冷たい湧水は沢となり、川面から水蒸気が湧き出し霧となって、木漏れ日が光のカーテンを作りだす幻想的な風景。
約2時間半後の9:55、尚仁沢湧水を後にする。
9:05、東荒川ダム湖のそばにある塩谷町の農産物や土産、軽食の施設「尚仁沢はーとらんど」で休憩。ここには今年2月に来た。
隣接の「尚仁沢名水パーク」(東荒川ダム公園)には、相変わらず湧水を求めて県内外に人たちが水汲みに訪れている。
県道63号を南下、玉入の交差点を右折し、国道461号線を西へ日光方面へ向かう。
9:40、道の駅「湧水の郷しおや」で休憩。
日光市の中心街を通り、国道122号線を南下、日光市足尾町に行く。
11:00、日光市の足尾庁舎の駐車場着。
旧足尾町は、渡良瀬川の最上流、栃木県西部にあった町。江戸幕府直轄の鉱山として開発が始まった「足尾銅山」で有名。銅山全盛の大正時代初期には、県内では宇都宮に次ぐ4万人近い人口を抱え、「日本一の鉱都」として栄え、日本の殖産興業と近代化を支えてきた。「足尾鉱毒事件」として知られた環境問題、暗い坑道の中で酸欠や崩落事故と隣り合わせの過酷な労働、朝鮮人・中国人の強制労働など、負の歴史的側面も併せ持つ。
1973年(昭和48年)の銅山閉山後は、過疎化が著しい。2006年に旧日光市や周辺自治体と合併し、新しい日光市の一部となった。

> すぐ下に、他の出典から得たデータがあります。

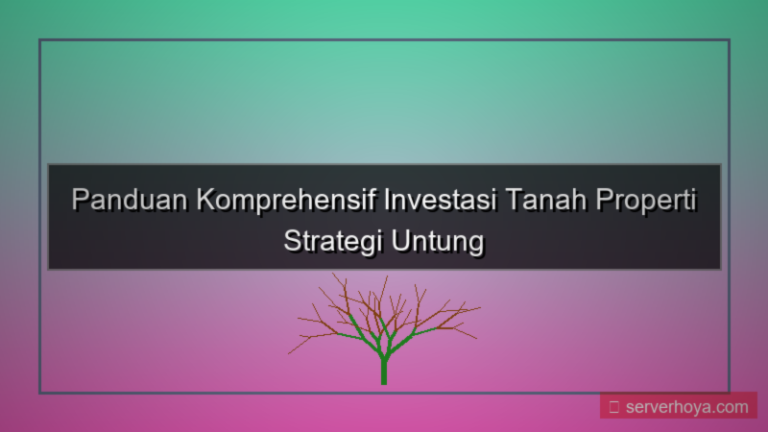 ilustrasi Investasi properti tanah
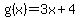 g%28x%29+=+3x%2B4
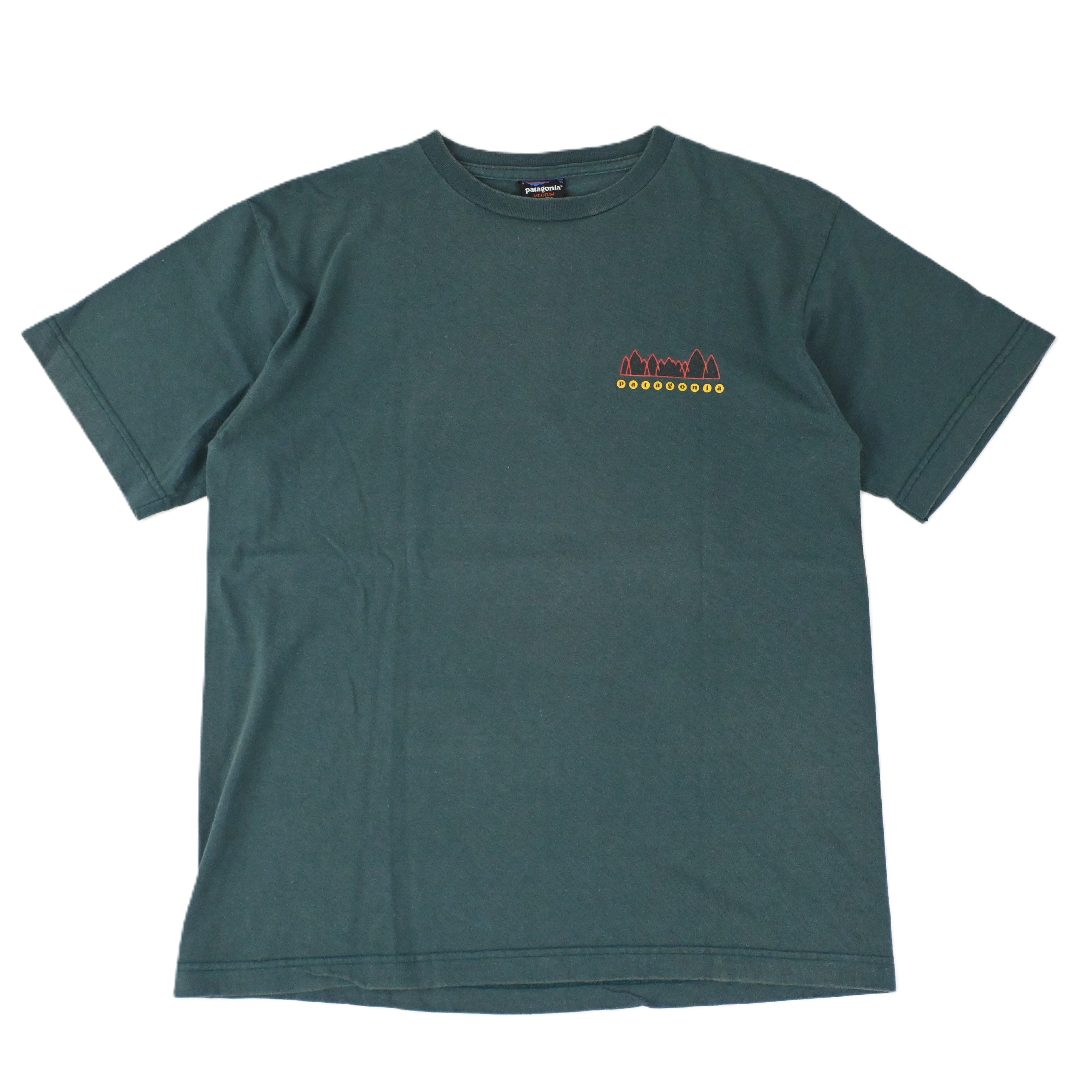 90'S PATAGONIA ENDANGERED ANIMAL T-SHIRT GREEN SIZE M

日光市の足尾庁舎のすぐ近くには、「足尾銅山観光」の入口があった。
「足尾銅山観光」は、閉山した足尾銅山の坑内を観光できる施設。トロッコ電車に乗って全長700メートルのうす暗い坑道に入っていくと、当時の鉱石採掘の様子が年代ごとに人形で再現されているそうだ。
併設の「銅(あかがね)資料館」には、鉱石の見本や選鉱・製錬の過程、選鉱所・製錬所のジオラマ模型などが展示され、操業当時の様子や足尾銅山の歴史や役割を学ぶことができるという。時間の都合で入場せず。入場料は大人820円。
足尾町を流れる渡良瀬川に架かる「通洞大橋」。
近くの「わたらせ渓谷鉄道」の通洞駅舎。
ここから、国道122号線を2Kmほど南下して右折、渡良瀬川の支流である庚申川に沿って北上すると、足尾銅山の三大坑道の一つだった「小滝坑」とその周辺の施設跡がある。
石垣やわずかに残された建物跡など、車窓からいくつか垣間見えたが、残念ながら撮影する余裕がなかった。
製錬所、選鉱所の跡地。樹木や土砂に覆われて当時の面影はないが、レンガの跡が残る。
製錬所、選鉱所の跡地の道向かいの広場に、「ここに小滝の里あり」の石碑。
石碑は、小滝で育ち暮らした方々が、1986年(昭和61年)に小滝を偲んで建てた。小滝応援歌や小滝小学校校歌(なんと作曲は山田耕作)の歌碑もある。小滝坑の周辺の渓谷沿いの狭い土地には、鉱山施設のほか坑夫社宅、浴場、小学校、病院、料理屋、芸妓屋などが立ち並び、1916年(大正5年)の最盛期は1万人余りが住んでいたという。1954年(昭和29年)に閉坑され、その後施設は撤収、廃墟となった。
銀山平公園。近くに足尾温泉「庚申の湯」や国民宿舎「かじか荘」がある。
この場所は、1891年(明治24年)に銀が採掘されたので、銀山と呼ばれていたところで、のちに東洋一の製材所が開設、足尾銅山の用材の一大基地だった。現在は銀山平公園として、バンガローや貸しテントのあるキャンプ場となっている。
銀山平公園にある「中国人殉難烈士慰霊塔」。
小滝地区の入口付近にあった「朝鮮人強制連行犠牲者追悼碑」に比べると立派。太平洋戦争末期、中国から強制連行されて来た257名が、足尾銅山の労働に従事し109名が殉難したという。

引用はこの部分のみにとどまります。